Life can be managed freely

you must fly freee like a bird in order to survive

Lex Talionis · 4 minute read

I had a dream that we were being hunted. [the first half of this dream has been redacted]

“give the talented just enough of a path not to revolt”

I joined the milady special opps a few months back, initially just hitching along from the refugee camp out of curiosity. Now I find myself out on a mission, with a group of seasoned fighters. We’re out at sea. We hide on the bottom rim of the ship, a couple levels down from the main deck in a room with floor-to-ceiling sliding glass doors that lead to a private deck.

On the horizon, we see a giant airship roughly in the shape of a decorated pistol, equipped with a barrel. The clouds seem to just barely caress the engineering marvel, as if meaning to highlight and frame its sheer scale. The Russians had outdone themselves. They were quickly catching up.

The airship fires a single thundering shot from its barrel, silent from where we stood. But it’s clear from the violent movement of clouds that the shockwaves are on their way. The recoil sends the airship reeling upwards and backwards, much like the trajectory of a pistol in-hand. It’s.. falling. Into the ocean? Interesting.

A spectacle of a failed engineering, imploding before us. But we’re interrupted in our appreciation by the hum of a sizable motorboat front-running the airship’s shockwaves. Mercenaries. And they’re closing in fast. From the equipment on board and lack of a friendly signal, they’re not on our side. They’re here to take us out.

I fire a shot with the miniature rocket launcher in hand. The recoil is powerful. It sends me rolling back on the deck, but the explosion tells me all I need to know. The shot landed. I stand up and quickly assess the battleground. A direct shot to the interior, based on the mangled testament to my object permanence. But where are the mercenaries?
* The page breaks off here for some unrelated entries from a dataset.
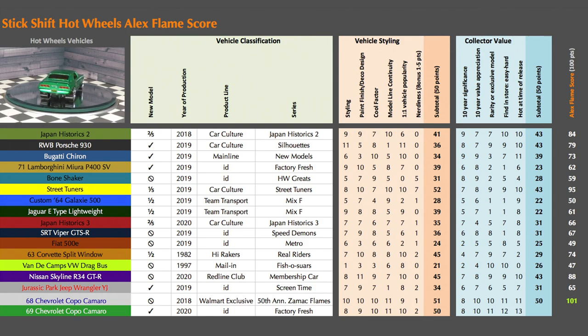Seeing as this Series 2 Hot Wheels ID car has the potential to be a rare car, it earns very high marks under collector values — earning 8s, 10s, 11s, 12s, and even a 13 under hotness factor — for a total of 54 collector value points.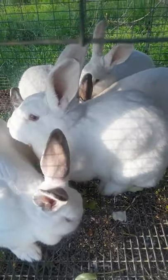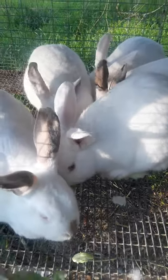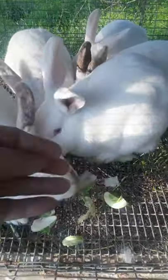Hey everybody, Frugal Farmer here. I am feeding my rabbits the leaf pieces off cauliflower. They love that stuff.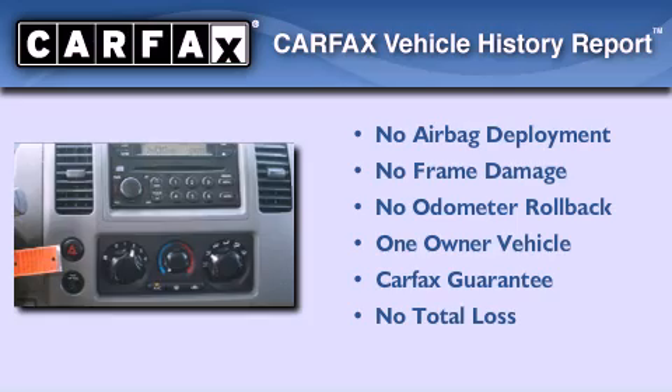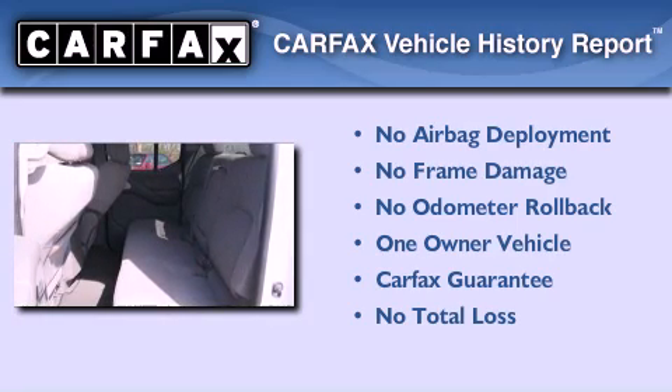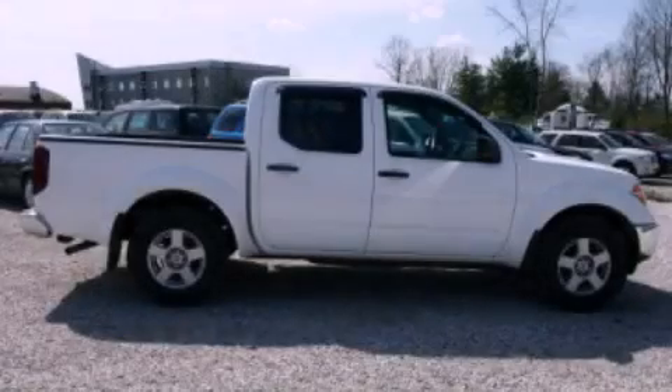This Nissan has had only one owner, and it qualifies for the Carfax buy-back guarantee. Stop by today and test drive this automobile for yourself.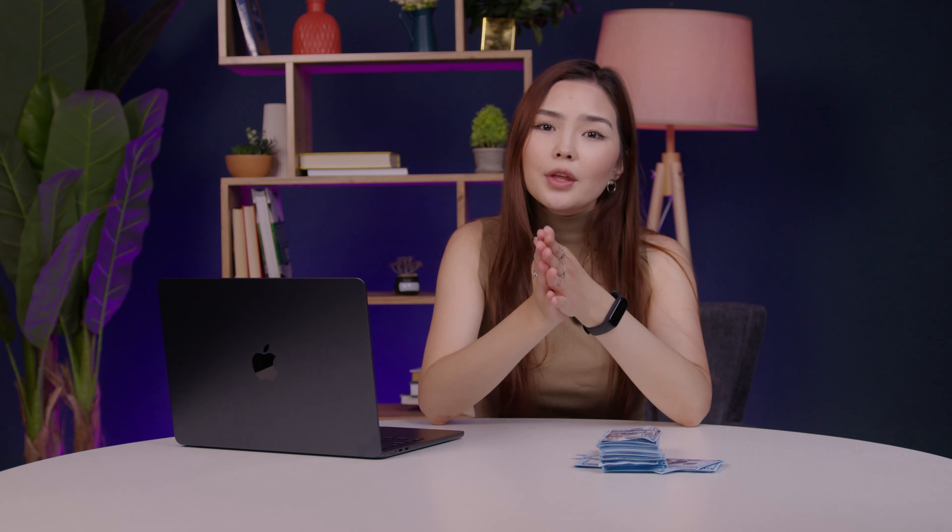Binary options and trading are two things that made me a millionaire at such an early age. Since then, I've decided that I will teach other people how to make money from trading. I'm Kami, and today I will show you one of my favorite strategies that helped me earn my first million.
They’ve dispersed. And they’re scaling the ship as if endowed with anime superpowers. I square up for another shot just as one of them cartwheels midair from the wall onto the deck, slicing down my spine while landing directly behind me. Pain. I’m quickly yanked off the battlefield by a teammate who understands this battle has no place for a mere trainee. Thankfully the cut isn’t too deep, a close call as they seem to have been aiming to leave me permanently paralyzed.

A rupturing shockwave passes through the ship, and the clanging of combat weapons fall silent. The sound of the airship has finally reached us, catching the attention of everyone. The head of the mercenaries pauses, now privy to the state of the Russian military as we were just a minute ago. With an exchange of looks, it’s clear. He has no interest in fighting. It seems whoever hired him was aboard the airship, now replaced by specks of burning debris floating atop the ocean in the far distance. A reliable truce, if I’d ever seen one.

We need to report this information to whoever’s in charge. We decide to leave our station and venture into the ship as any threats to its passengers have been supposedly neutralized. The interior is surprisingly luxurious, considering the top deck is equipped with cannons rivaling the destructive force of the Russian airship that managed to commit suicide on its own recoil. But I guess it’s not all that surprising. This ship was made to protect the American oligarchs after all. The “important” billionaires of the Western front.

We exit the hallway to the top of an imperial staircase, dressed in a red velvet carpet with gold embellishments. Below us are a handful of the esteemed guests sipping red wine around a fireplace. They look at us curiously, and I recognize a face amongst the crowd.

It’s my grandmother.

“The adventure is over. The mission now is to get home safe,” she asserts. And I can’t tell if it’s meant to console me. I’m still in shock. I need to go home.

What war are we fighting? For what and for whom? Why are we here?